Equally important in the September U.N. resolution was the flagship commitment to a mid-November peace conference aimed at crafting a political transition in Syria to end the war. The proposed 6-step roadmap is based on the Geneva Communique, issued after the first gathering in the Swiss city in June 2012.
The resolution "sets out a number of key steps beginning with the establishment of a transitional governing body exercising full executive powers, which could include members of the present Government and the opposition and other groups and shall be formed on the basis of mutual consent."
When the resolution passed, France's Foreign Minister Laurent Fabius personally confirmed the western-backed opposition Syrian National Coalition's "readiness to send a delegation as soon as possible," and said the "Syrian regime's supporters must make a similar commitment."
Meeting this week in Bali, Indonesia, on the sidelines of an Asian economic forum, Secretary of State John Kerry said he and his Russian counterpart Sergey Lavrov had "discussed our mutual goal -- which we are extraordinarily focused on -- of ending the war in Syria through a political transition to a more broadly acceptable democratic government, under the terms of the Geneva Communique. We agreed, again, that there is no military solution here."
United Nations and Arab League Special Envoy to Syria, Lakhdar Brahimi, also pinned much hope on Geneva II, calling on all parties to the Syrian conflict to engage in peace talks "without pre-conditions."
But no date is even set for the international conference, and Brahimi has indicated in several interviews that he is beginning to doubt that a November conference will even take place. In an interview with a French television station this week, Brahimi called the peace process "stalled."

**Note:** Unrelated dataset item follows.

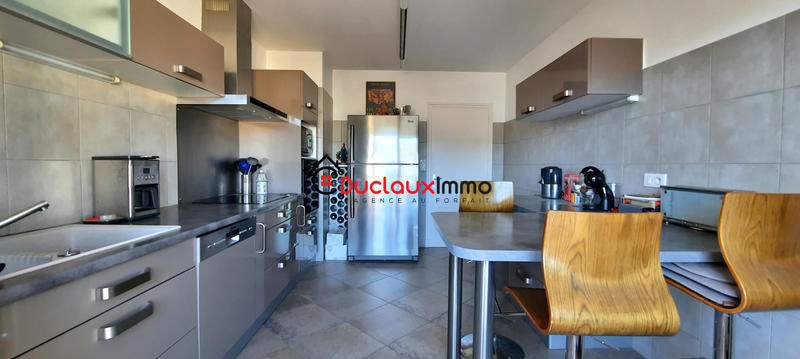 Appartement - 164 m² - 5 pièces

The Assad government continues to refer to all opposition groups as "terrorists," and has yet to commit firmly to attend the hypothetical talks.
In an Istanbul news conference on Monday, meanwhile, the leader of the Syrian National Coalition, Ahmad al-Jarba, who previously said the SNC would participate in Geneva II, seemed to walk that commitment back.

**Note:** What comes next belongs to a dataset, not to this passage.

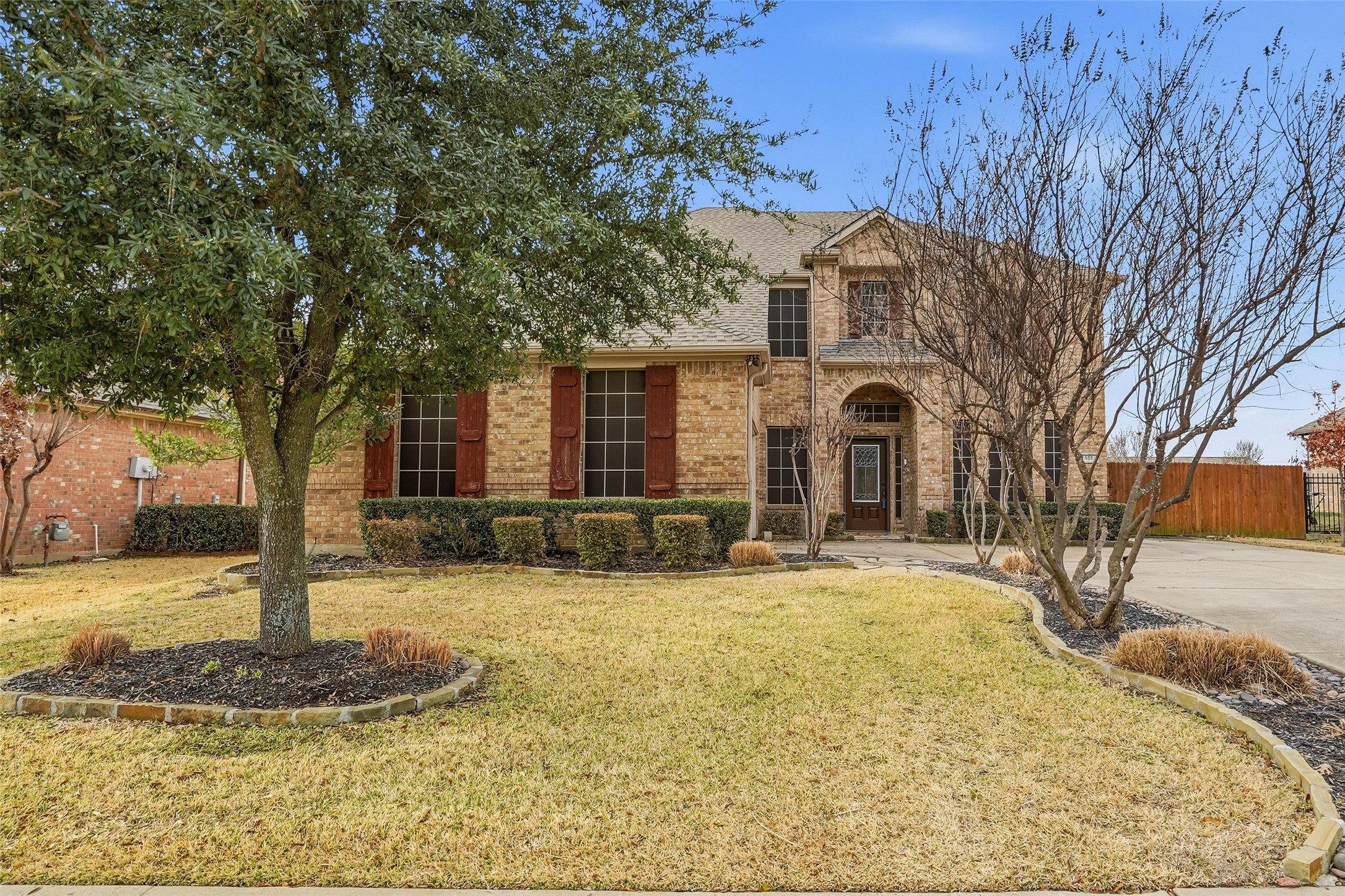 508 Lakeview Circle Burleson TX 76028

"There shall be no dialogue with a criminal regime," said al-Jarba. "We do not reject participation in Geneva II, but we request guarantees for its success. And if we receive these guarantees we will show them to the military leaders," he added.
The Secretary General's Monday letter acknowledged that the U.N.-OPCW mission won't end the bloodshed.
On Monday evening, an Arab League Ambassador hinted at one of the biggest challenges facing the prospect of peace talks; a completely divided Syrian opposition.
"The Geneva talks will be very difficult. It is not yet determined if Assad is willing to send a delegation and not be involved himself, and the Syrian opposition is not 'an' opposition, it is 'oppositions,'" the diplomat told CBS News.
While the U.S. and its allies refer to the SNC (which is based in Turkey) and its military wing headed by the Supreme Military Council as "the" Syrian opposition, Islamic fundamentalist militias arguably represent the most potent rebel factions on the ground in Syria today -- and a conglomerate of 13 of those groups disavowed the SNC completely in a statement issued in late September. The rebels, led by the fundamentalist al-Nusra Front, said they would "not recognize" any future government formed outside Syria, and called instead for a new Syrian government with a "clear Islamic framework."
Martin Nesirky, spokesman for the U.N. Secretary-General, said Monday that Ban, "continues to believe" that Geneva II "can take place in mid-November, and it is his firm determination to seek to make that happen."
"Everybody knows that it is not easy, that it is going to be difficult to bring the sides to the table," he acknowledged.